Judicial Watch Victory: DC Police Produces 1,627 January 6 Bodycam Videos

(Washington, DC) – Judicial Watch announced today that the Washington, DC, Metropolitan Police Department released over 1,000 hours of body-worn camera footage in 1,630 videos from the January 6, 2021, U.S. Capitol event. The videos were released because of an April 2026 court ruling in a DC Freedom of Information Act (FOIA) lawsuit. The videos are available via the Judicial Watch website here and http://www.judicialwatch.org/january6bodycam.

Judicial Watch filed the DC FOIA lawsuit in June 2024 after the DC Police denied an August 2021 request for all body-worn camera footage recorded by police officers responding to the January 6, 2021, events at and around the U.S. Capitol (Judicial Watch v. District of Columbia (No. 2024-CAB-003453)).

Earlier this year, a local DC court dealt a major blow to government secrecy by ruling that the DC Police could not broadly blur and censor the footage. Rejecting DC Police’s claim that it could withhold faces and voices of everyone except law enforcement—and its assertion that producing the footage would cost more than $1.5 million—the court held that any privacy interests were minimal and outweighed by the overwhelming public interest in disclosure. The ruling cleared the way for this release of bodycam footage that documents one of the most consequential events in recent American history.

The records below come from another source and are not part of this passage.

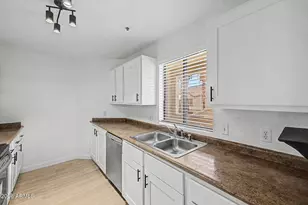 1287 N Alma School Rd, Chandler, AZ 85224 - Photo 15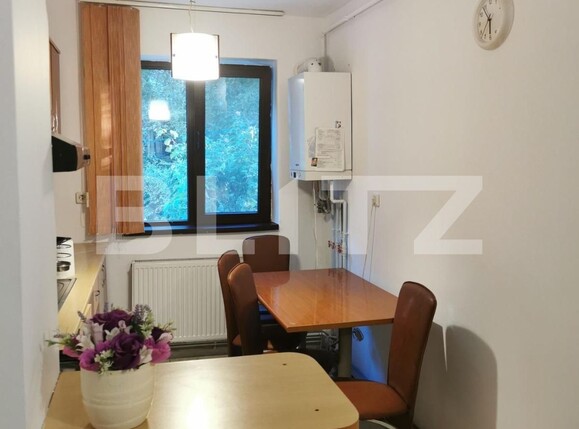 Apartament de vânzare 3 camere Aleea Trandafirilor - 106473AV | BLITZ Târgoviște | Poza3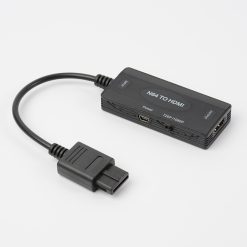HDMI Adapter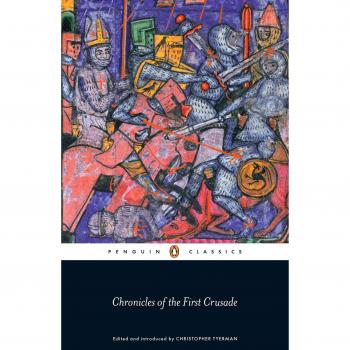 chronicles-of-the-first-crusade-1096-1099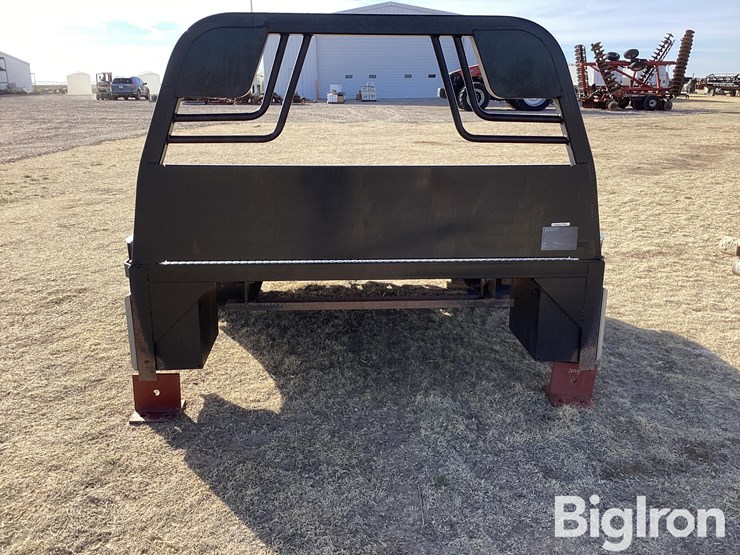 chevrolet-2500-image-2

“The release of these previously secret DC Police January 6 bodycam videos are the result of a hard-fought victory for transparency by Judicial Watch,” said Judicial Watch President Tom Fitton. “Judicial Watch encourages citizens, law enforcement, Congress and media to carefully review these videos so they can see more of the truth about January 6.”

Judicial Watch has conducted a massive, independent investigation into the events of January 6. 

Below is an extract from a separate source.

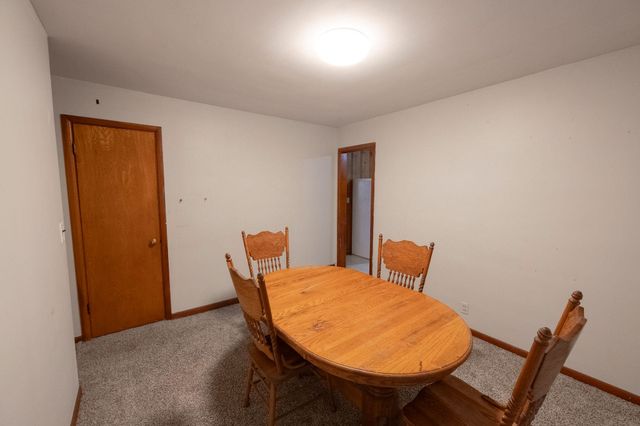 504 S Lincoln Avenue, Aurora, MO 65605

In April 2026, Judicial Watch filed a Freedom of Information Act (FOIA) lawsuit against the Internal Revenue Service (IRS) to obtain records related to possible improper targeting of January 6, 2021, Capitol protesters, their supporters, and related nonprofits

In August 2025, Judicial Watch announced that the U.S. Air Force would finally provide full military funeral honors to Ashli Babbitt, the Air Force veteran who was shot and killed inside the U.S. Capitol by then-Capitol Police Lt. Michael Byrd on January 6, 2021. Babbitt was the only official January 6 homicide victim. The Biden administration had previously denied Babbitt and her family these honors in retaliation for being at the U.S. Capitol that day. This decision came on the heels of a massive, nearly $5 million Trump administration settlement to her family for wrongful death and other claims against the U.S. Government.

In July 2025, Judicial Watch sued the U.S. Department of Justice for records on accelerated January 6 prosecutions after Donald Trump was elected president in November 2024. The Biden administration, anticipating President-elect Donald Trump’s promise to issue pardons for January 6, 2021, defendants, is believed to have accelerated prosecutions in the final months of Biden’s term.

In March 2024, Judicial Watch received Bureau of Alcohol, Tobacco, Firearms and Explosives (ATF) records from the Department of Justice in a Freedom of Information Act (FOIA) lawsuit that show the Central Intelligence Agency (CIA) deployed personnel to Washington, DC, on January 6, 2021.

October 2023, Judicial Watch received the declaration of James W. Joyce, senior counsel in the Office of the General Counsel for the Capitol Police, in which he describes emails among senior officials of the United States Capitol Police (USCP) in January 2021 that show warnings of possible January 6 protests that could lead to serious disruptions at the U.S. Capitol.